An Empirical Comparison of Feature Engineering Strategies from Non-Traditional Data for Thin-File Borrower Credit Assessment
DOI:
https://doi.org/10.69987/JACS.2026.60404Keywords:
alternative data, feature engineering, thin-file credit scoring, financial inclusionAbstract
Approximately 45 million adults in the United States lack sufficient credit history for conventional scoring, limiting their access to fair lending opportunities. Non-traditional data sources—including behavioral payment patterns, temporal transaction sequences, and relational signals—present promising avenues for assessing these thin-file borrowers, yet the relative predictive contribution of each feature category remains unclear. This study conducts a systematic empirical comparison of feature engineering strategies derived from non-traditional data on the Home Credit Default Risk dataset (307,511 applications across seven linked tables).
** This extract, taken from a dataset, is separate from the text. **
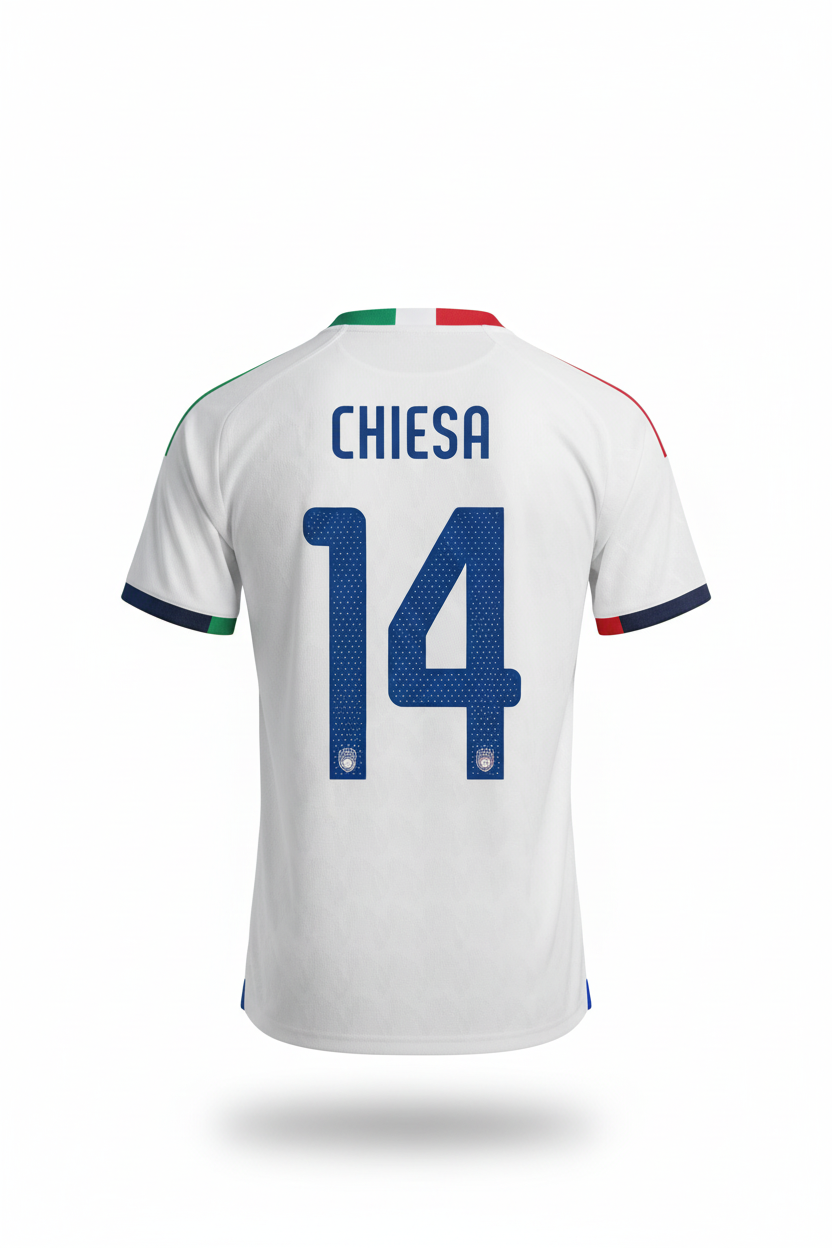 Italy Chiesa #14 Jersey – Back View Ghost Mannequin White Background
We define a taxonomy of three feature categories—behavioral, temporal, and relational—and evaluate each through ablation analysis on thin-file and thick-file borrower segments using LightGBM. Results indicate that behavioral features yield the largest marginal AUC-ROC improvement (+0.0472) for thin-file borrowers, exceeding the corresponding gain for thick-file borrowers (+0.0212) by a factor of 2.23. The combined non-traditional feature set raises thin-file AUC-ROC from 0.6651 to 0.7408, narrowing the performance gap relative to thick-file borrowers by 38.2%. Fairness analysis reveals that behavioral and temporal features modestly reduce equalized odds disparities across gender and age groups, while relational features introduce slight increases in demographic gaps. These findings provide actionable guidance for lenders seeking to expand credit access through responsible alternative data utilization.